No dia seguinte, o SBT passa a veicular mensagens aterrorizando a
população sobre a urgência da reforma. Outro apresentador popular da
emissora, Ratinho, inicia intensa campanha pelas mudanças propostas por
Temer para a Previdência.
maio 2017 — logo após a Globo pedir expressamente a
renúncia de Temer em editorial, Moreira Franco se reuniu com João
Roberto Marinho na tentativa de acertar uma trégua, mas não obteve
sucesso.
— a TV Band, que teve 1129% de aumento no recebimento de verbas publicitárias, publicou um editorial vergonhosamente
chapa-branca logo após a divulgação dos áudios das conversas entre
Temer e Joesley: “o Brasil continua precisando seguir o seu rumo –
finalmente claro e eficiente – adotado pelo atual governo, depois de
anos de insensatez. O país quer seguir adiante e não abre mão de
persistir na recuperação já iniciada da economia e dos empregos.
Esclarecidas todas as dúvidas, a Band espera e acredita que possa o
presidente Temer dar sequência às medidas que, de fato, atendam os
interesses dos brasileiros”.
junho 2017 — Grampos mostraram Aécio Neves e Moreira Franco negociando com alto executivo da Record uma entrevista com Temer em troca de um patrocínio da Caixa.
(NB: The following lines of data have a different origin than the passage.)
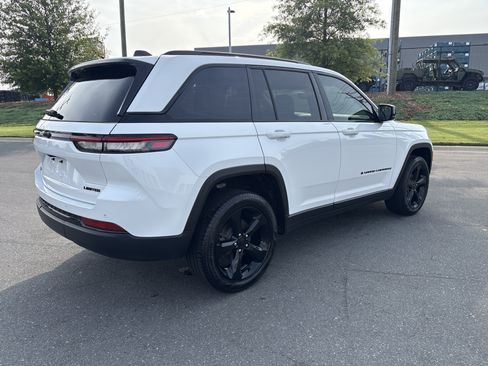 Certified 2024 Jeep Grand Cherokee Limited w/ Black Appearance Package AWD/4WD image 9
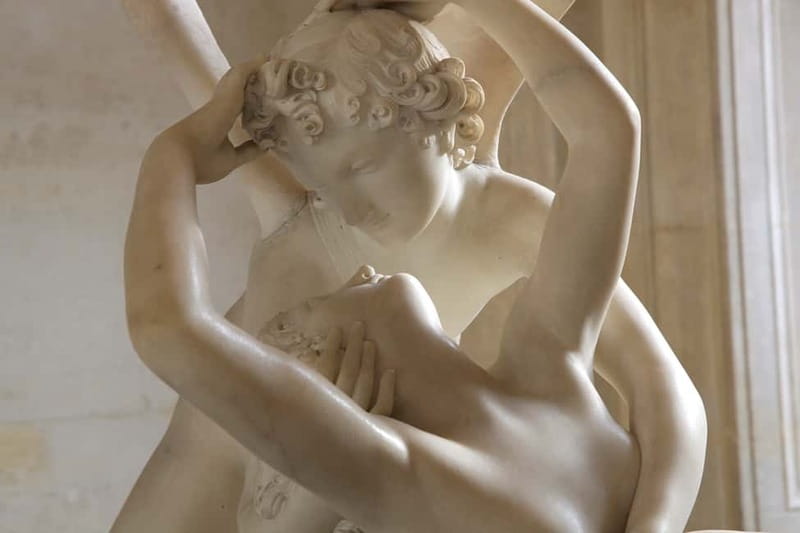 Paris: Skip-the-Line Louvre Highlights Tour with Mona Lisa - Key highlights at a glance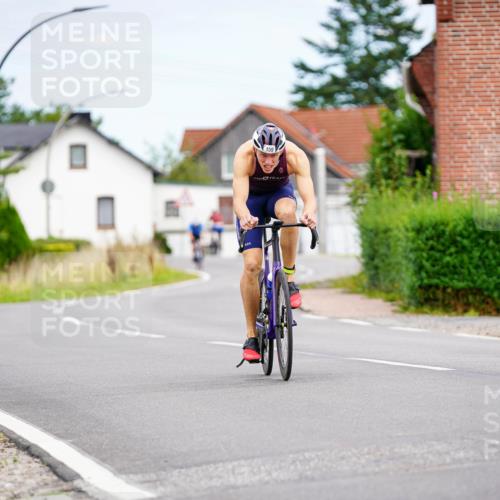 31.08.2025 - Elbe Triathlon Hamburg Michael Burmester http://msf.ph/oto/8685565 31.08.2025 14:11:08 Radfahren 157, 159, 164 meine-sportfotos.de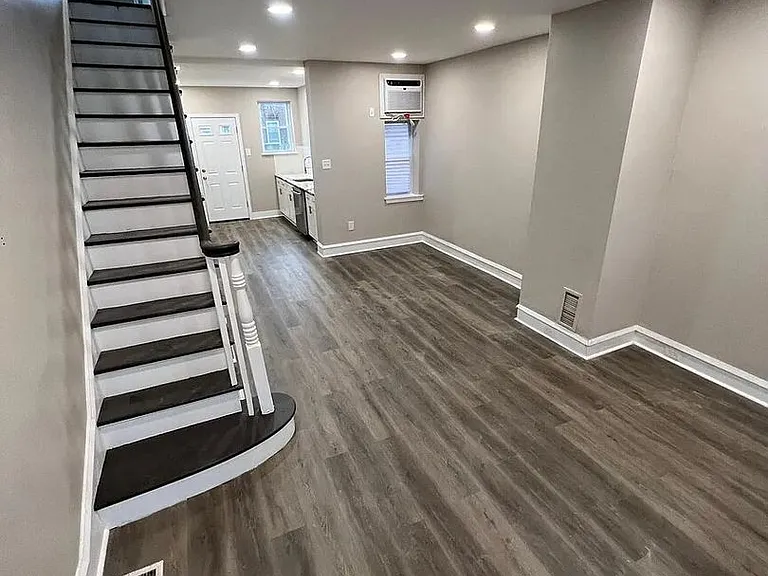 1407 S Etting St — Photo 3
Tudo feito com a anuência do presidente.
julho 2017 — diferente do que ocorreu no dia da votação pelo impeachment de Dilma na Câmara, nenhuma emissora além da Globo transmitiu a votação em que foi arquivada a denúncia contra Temer.
Regada por jantares, telefonemas, MPs, editoriais, verbas
publicitárias e algumas rusgas, a relação de Temer com a grande mídia é
carnal e compromete a liberdade de imprensa. Aproveitando a atual
promiscuidade das instituições brasileiras, talvez seja o caso de
oficializar as grandes empresas de mídia como o quarto poder, que não
terá nada de moderador.
Me parece que essa nova rodada de reuniões com diretores das
emissoras noticiada pela Folha é apenas para fidelizar o relacionamento e
traçar novas estratégias para a aprovação de uma reforma que não será
fácil. É uma reunião apenas para “manter isso aí, viu?”.